Mettre à nu les émotions
Il est possible que l'on rie d'abord du concept d'Intimacy, les robes conçues par le studio de design hollandais Roosegaarde pour gagner en transparence à mesure qu'un interlocuteur se rapproche de celle qui la porte (consensuellement, en principe - c'est évidemment un écueil dans "la vie réelle"), ou qu'augmente la vitesse de ses battements de coeur (bip bip means I love you). Ceux qui veulent travailler avec les tissus interactifs (ou smart textiles) sont encore un peu trop obsédés par la nécessité de démontrer leurs possibilités, c'est vrai, et la démarche tourne un peu en rond, et trop uniquement autour des senseurs qui captent et trahissent nos émotions. Mais ce serait à tort qu'on négligerait le côté visionnaire de cette recherche de nouveaux textiles qui changeraient moins notre manière de nous habiller que notre rapport avec nos habits: ce que nous attendons d'eux, et l'expérience que les porter nous fait vivre. Roosegaarde n'a pas inventé le décolleté, ni le déshabillé ou le jeu des transparences; mais Intimacy renouvelle l'érotisme du vêtement (ou du dé-vêtement) en y introduisant l'idée fascinante qu'il puisse être presque involontaire, comme le rougissement, la gorge soudain sèche, les gestes maladroits, qui trahissent une émotion. Jusqu'où cela peut-il aller ici? Peut-on s'offrir au regard plus qu'on ne le voudrait?

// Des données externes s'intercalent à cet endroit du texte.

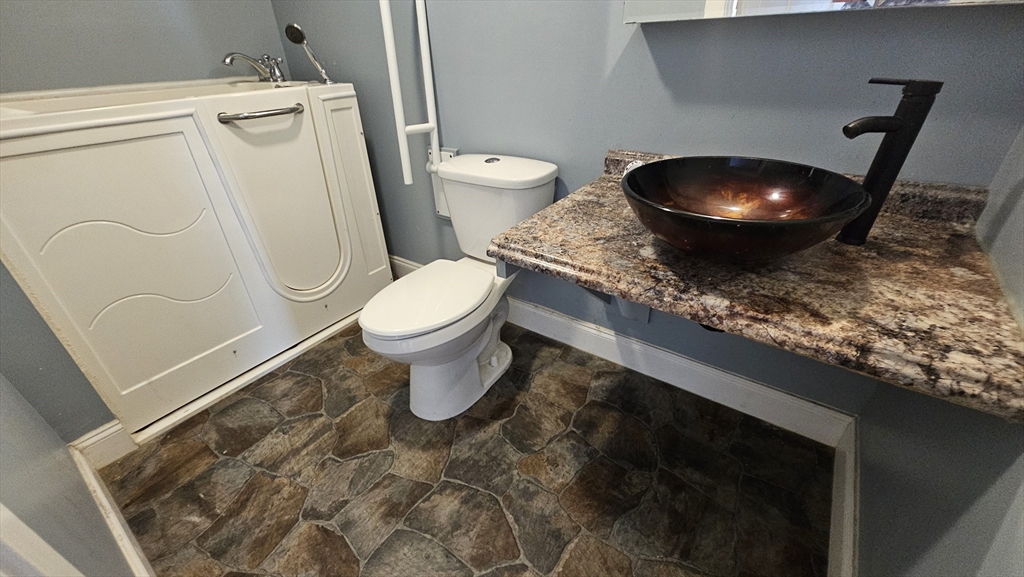 179 Oak Street Springfield, MA 01151 - Photo 22 of 28 a bathroom with a toilet and a mirror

Daan Roosegaarde ne s'arrête pas aux vêtements. Ses projets incluent des paysages interactifs dans les jardins publics (Dune), un mur composé de minuscules ventilateurs qui s'animent au passage des gens (Flow), une installation de lotus en feuilles dorées qui s'ouvrent quand on leur parle gentiment pour révéler leurs secrets (Lotus), et tout cela tourne sans cesse dans le monde entier, d'Istambul à Pékin en passant par Berlin et Sydney. Et c'est à ce moment-là qu'il faut réfléchir un peu, et se demander si notre condescendance, en France, envers ceux qui portent cette démarche d'introduire plus de technologie dans le textile, peut-être dûe au fait que nous nous arrêtons trop facilement au style, est bien fondée, et si elle ne risque pas, si ces pionniers ont raison, de finir par nous nuire. Nous devrions prendre garde, par exemple, au fait très parlant de l'ouverture prochaine à Shanghai du premier studio extra-européen de Daan Roosegaarde. Son explication est limpide: chacune de ses conférences en Chine est pleine à craquer, et les gens y posent dix fois plus de questions qu'ici. Et comme l'avance technologique est d'abord fondée sur l'avance dans les têtes, il en a conclu qu'on irait beaucoup plus vite en Chine que chez nous. Ça vous étonne? On a beaucoup trop vite enterré la cyber-culture et tout ce qui lui était lié en occident. Apparemment, l'internet se suffisait à lui-même. C'est une grosse erreur. Comme le dit Daan Roosegaarde: "les designers doivent penser beaucoup plus à l'avenir, et chercher le rôle qu'ils pourront jouer pour lui donner forme. Nous n'avons pas besoin de plus de chaises!"